**TO DO**. Return, word for word, every line starting at the line with "graph of O3 Mining Inc GAS-GARCH-T" and ending at the final line of the entries; skip the pictures.

"""

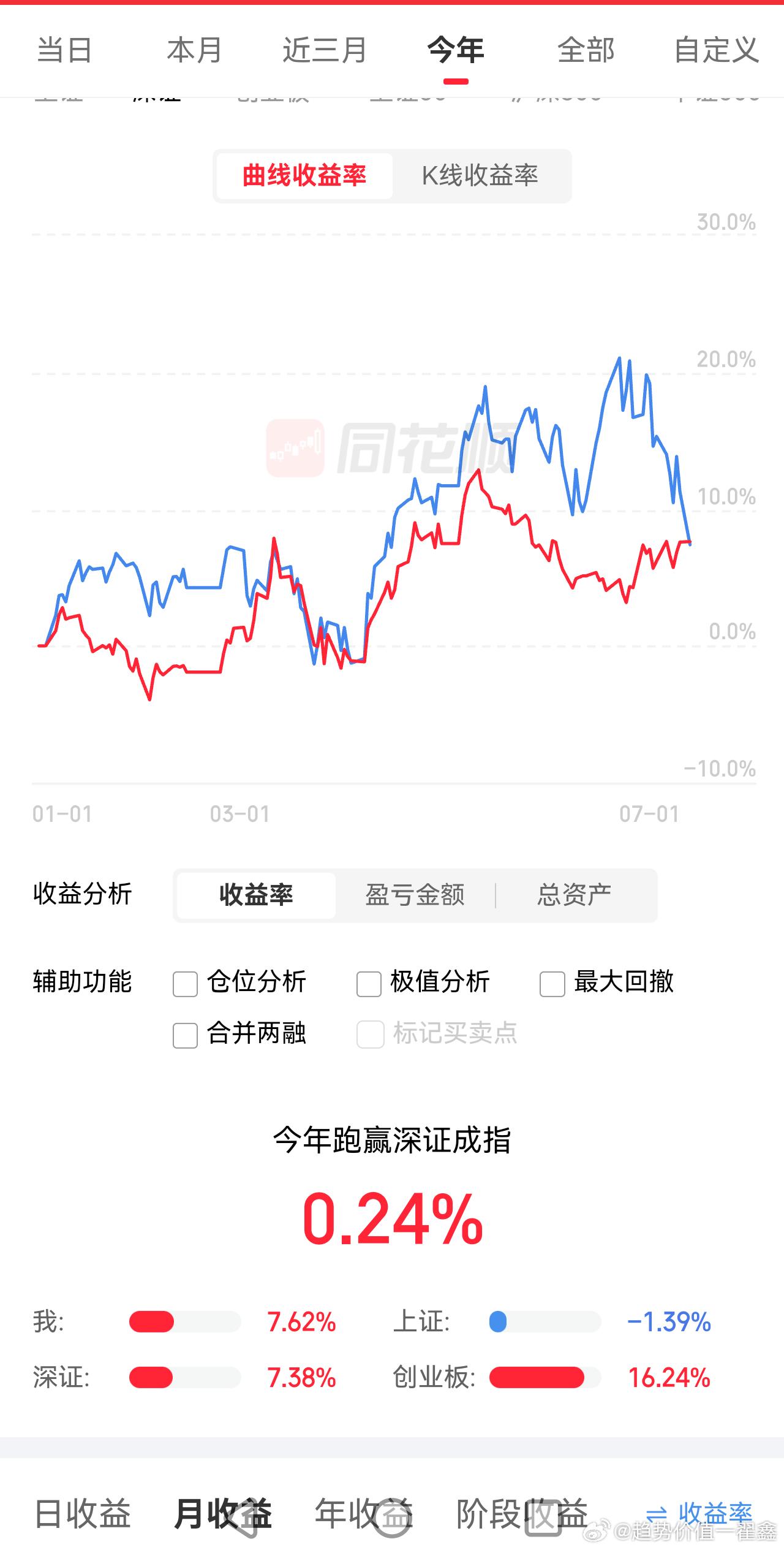 6月底落后深成指一大截，7月以来咱只小赚2个多点，基本上躺着不动，今天居然被深成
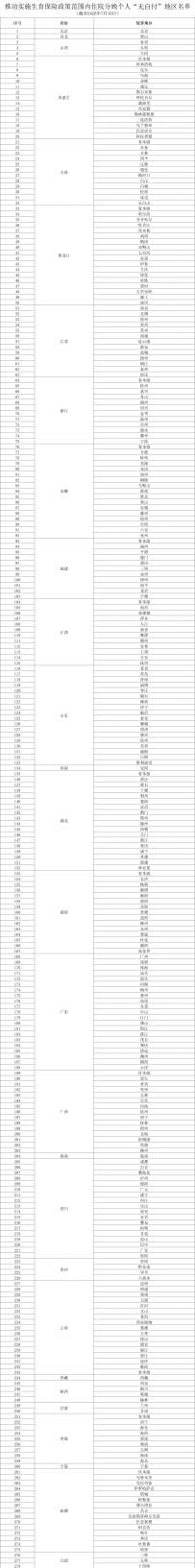 生娃基本“不花钱”，28个省份安排上了（附地区名单）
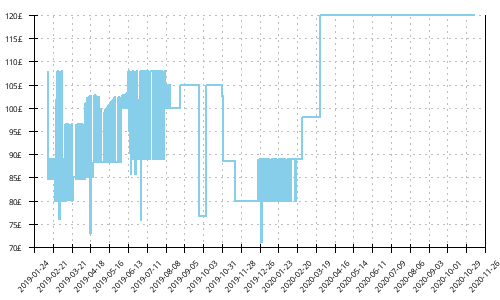 Minimum price history for New Balance 860 v9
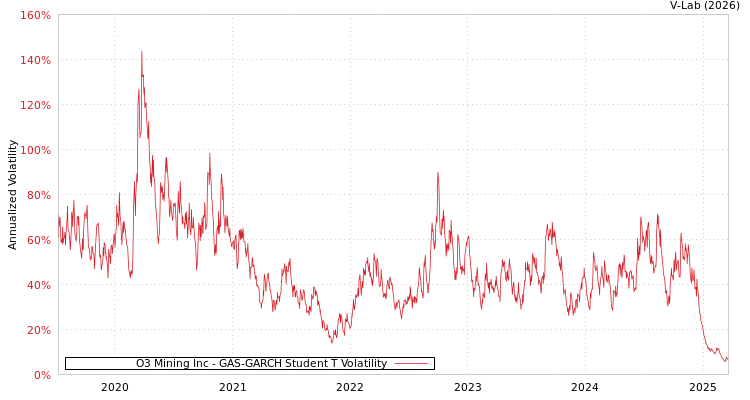 graph of O3 Mining Inc GAS-GARCH-T
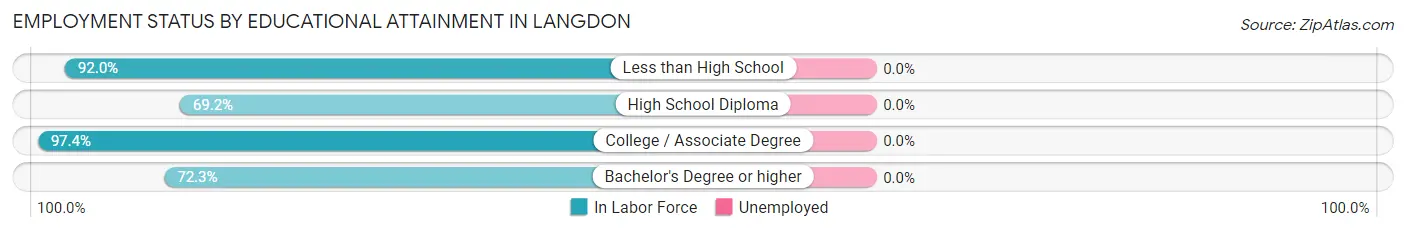 Employment Status by Educational Attainment in Langdon
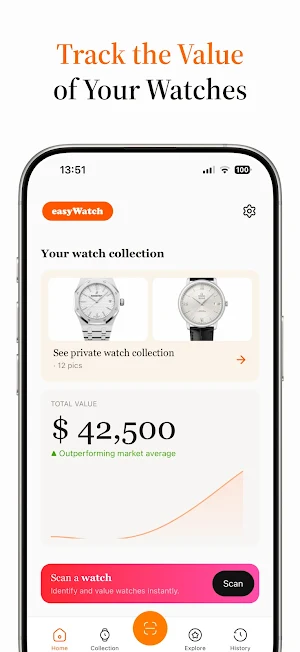 easyWatch - Watch Scanner Screenshot 3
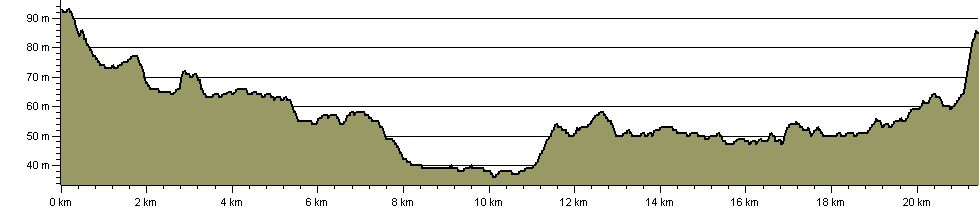Thomas Muir Heritage Trail - Route Profile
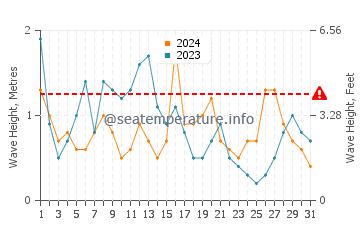 Waves height in Cabo Roche in December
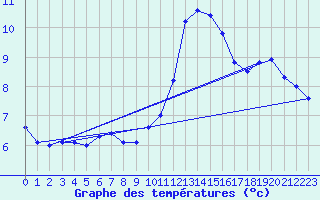 Courbe de tempratures pour Langres (52) 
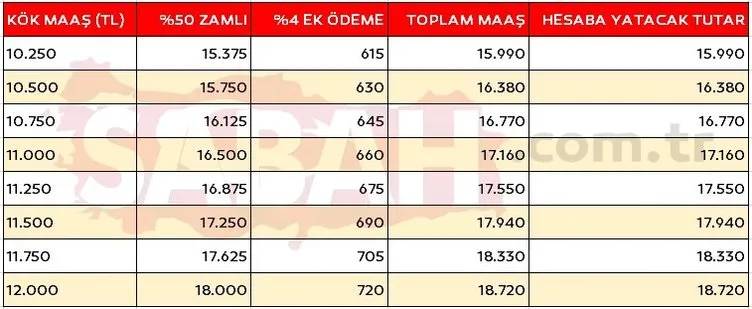 Bakan şimşek emekliler için bütçeyi sonuna kadar zorlayacak! 2024 Emekli kök maaş zammı ve en düşük emekli maaşı ne kadar olacak? 26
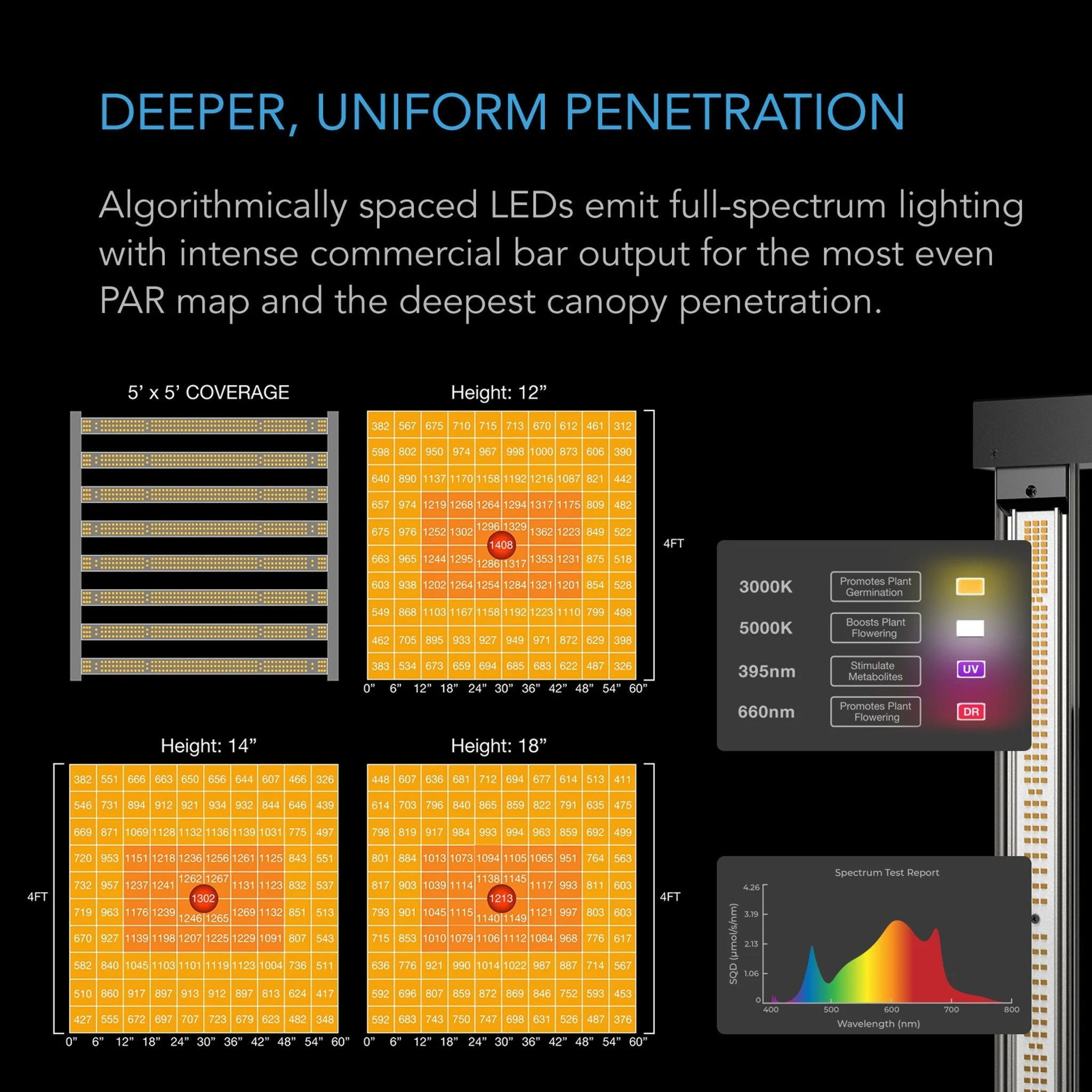 AC Infinity Advance 5x5 Pro Grow Tent Kit - Image 6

"""

**WORKED SOLUTION**.
 graph of O3 Mining Inc GAS-GARCH-T
 Employment Status by Educational Attainment in Langdon
 easyWatch - Watch Scanner Screenshot 3
Thomas Muir Heritage Trail - Route Profile
 Waves height in Cabo Roche in December
 Courbe de tempratures pour Langres (52) 
 Bakan şimşek emekliler için bütçeyi sonuna kadar zorlayacak! 2024 Emekli kök maaş zammı ve en düşük emekli maaşı ne kadar olacak? 26
 AC Infinity Advance 5x5 Pro Grow Tent Kit - Image 6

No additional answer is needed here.